Output every line below as it stands, dropping only the images.

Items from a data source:
* * * * * * * * *

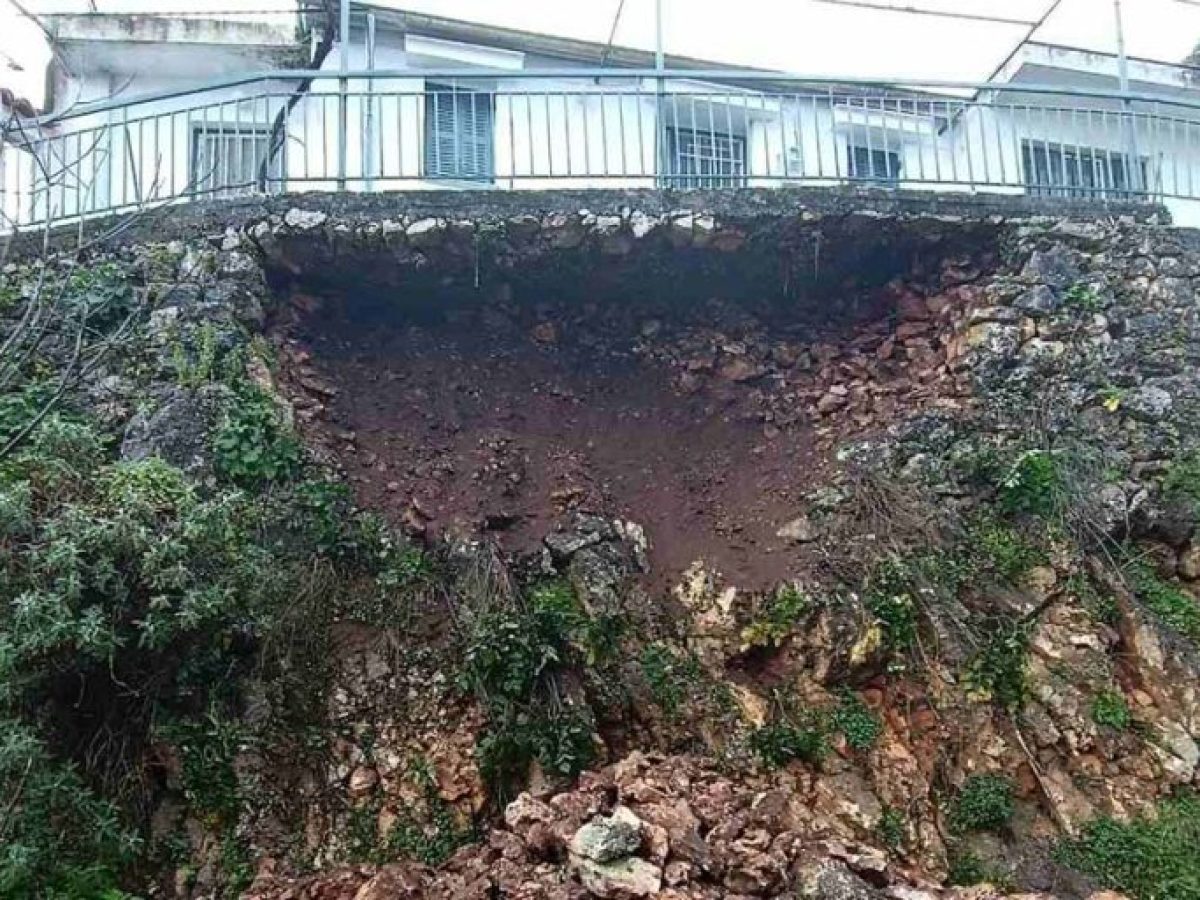 Αμφιλοχία: Κατέρρευσε μάνδρα κάτω από μπαλκόνι κατοικίας στην οδό Λιμναίας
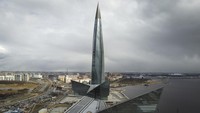 Penampakan menara bisnis Lakhta Centre, markas monopoli gas Rusia Gazprom di St. Petersburg, Rusia, Rabu, 27 April 2022. Rusia belum lama ini menghentikan ekspor gas alam ke negara tetangga Finlandia. Dalam catatan detikcom, gas Rusia berhenti mengalir ke Finlandia pada hari Sabtu pukul 07.00 pagi waktu setempat. Hal itu disampaikan perusahaan gas negara Gasum pada hari Jumat. (AP Photo/Dmitri Lovetsky, File).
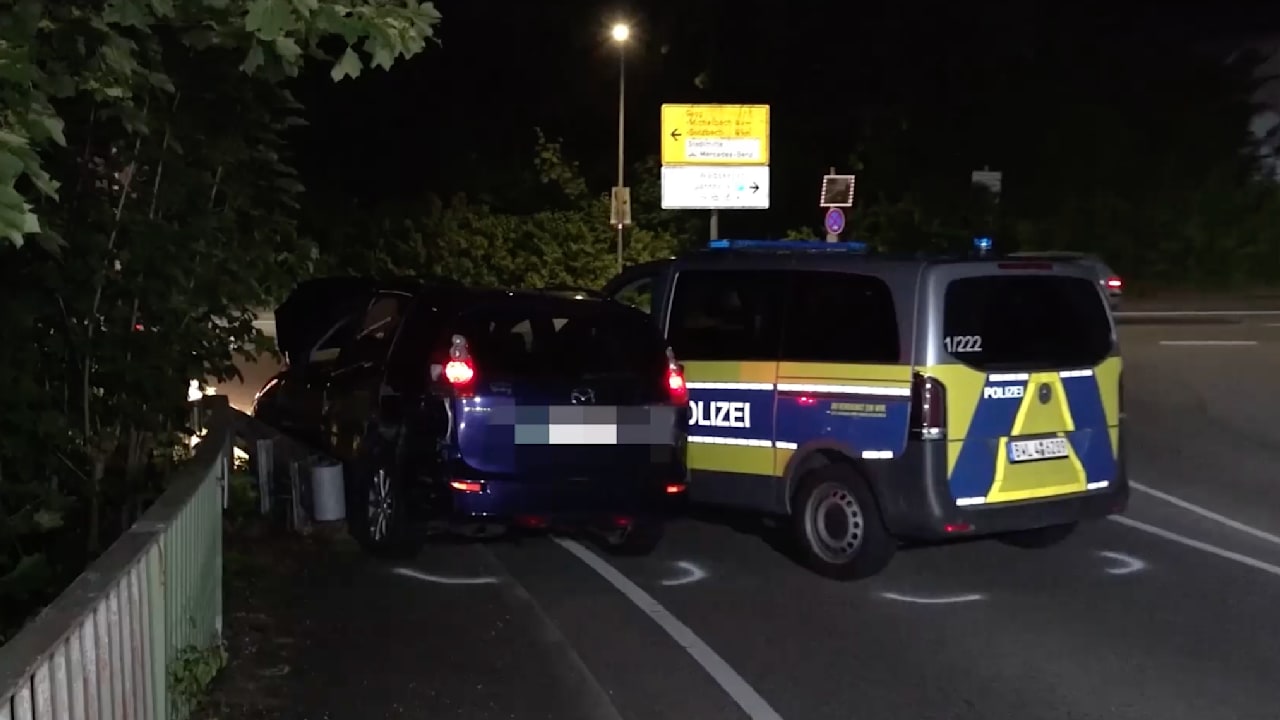 Gaggenau: Polizei stoppt Fluchtauto durch Rammmanöver – Fahrer betrunken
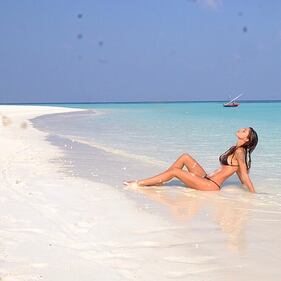 Belen Rodriguez: hot in vacanza 13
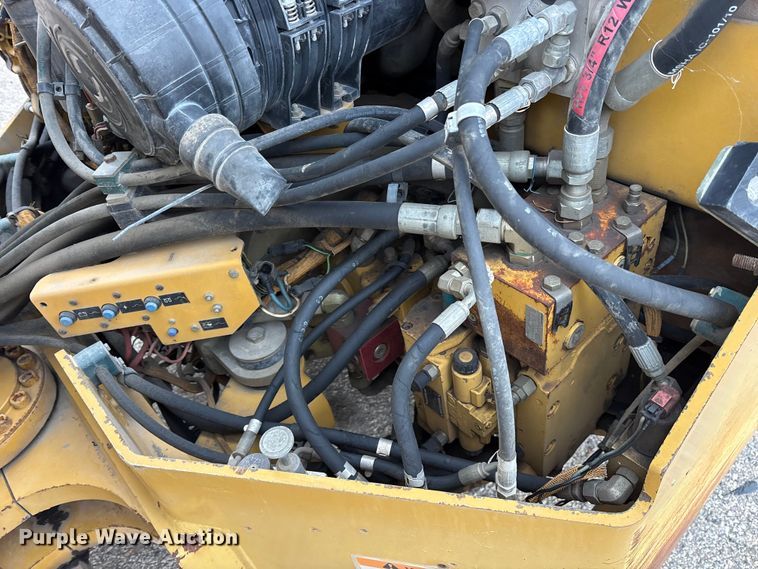 image for item ET7382 2006 Caterpillar CB-534D double drum vibratory roller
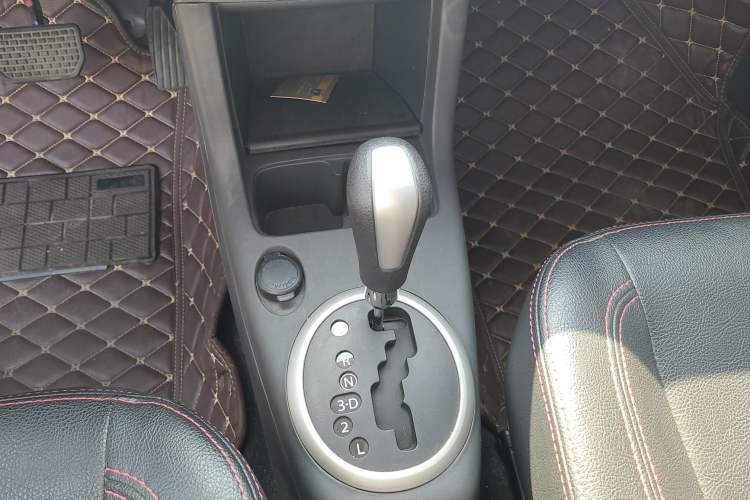Used Suzuki Swift 2013 1.5L Automatic 20th Anniversary Limited Edition Gear Lever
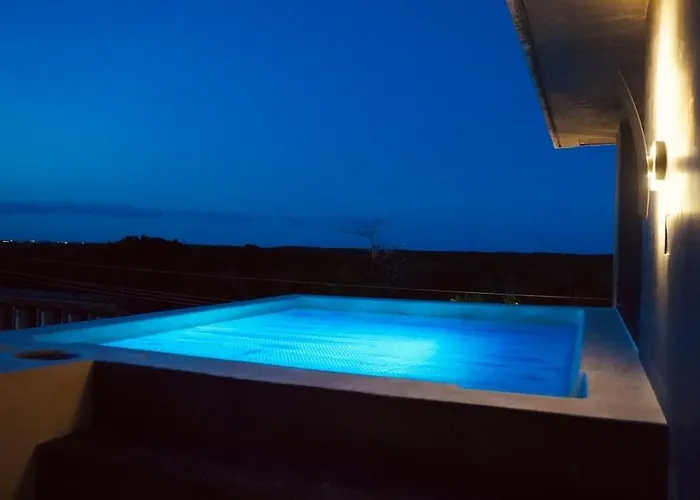 Luxury 3br Penthouse Jungle Views & Jacuzzi
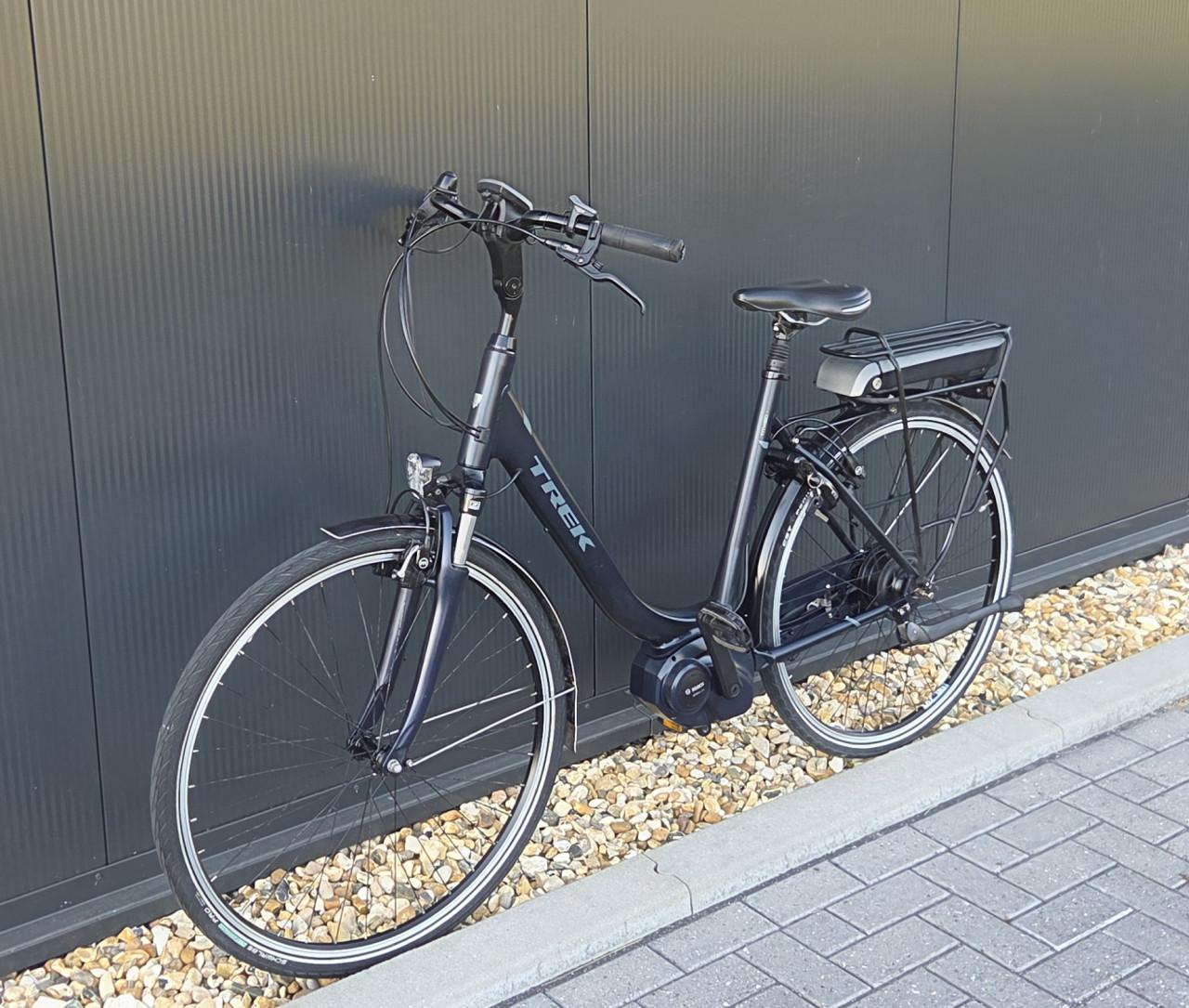 Mooie nette Trek 450+ Hybrid Bosch Active Line 400Wh  53cm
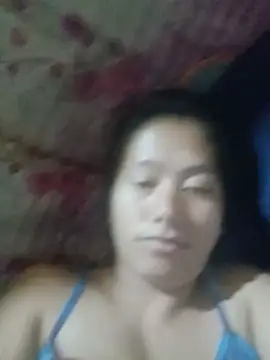 mommyyeng26 (F young) - Help me to cum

* * * * * * * * *

**RESPONSE AREA**.
 Αμφιλοχία: Κατέρρευσε μάνδρα κάτω από μπαλκόνι κατοικίας στην οδό Λιμναίας
 Penampakan menara bisnis Lakhta Centre, markas monopoli gas Rusia Gazprom di St. Petersburg, Rusia, Rabu, 27 April 2022. Rusia belum lama ini menghentikan ekspor gas alam ke negara tetangga Finlandia. Dalam catatan detikcom, gas Rusia berhenti mengalir ke Finlandia pada hari Sabtu pukul 07.00 pagi waktu setempat. Hal itu disampaikan perusahaan gas negara Gasum pada hari Jumat. (AP Photo/Dmitri Lovetsky, File).
 Gaggenau: Polizei stoppt Fluchtauto durch Rammmanöver – Fahrer betrunken
 Belen Rodriguez: hot in vacanza 13
 image for item ET7382 2006 Caterpillar CB-534D double drum vibratory roller
Used Suzuki Swift 2013 1.5L Automatic 20th Anniversary Limited Edition Gear Lever
 Luxury 3br Penthouse Jungle Views & Jacuzzi
 Mooie nette Trek 450+ Hybrid Bosch Active Line 400Wh  53cm
 mommyyeng26 (F young) - Help me to cum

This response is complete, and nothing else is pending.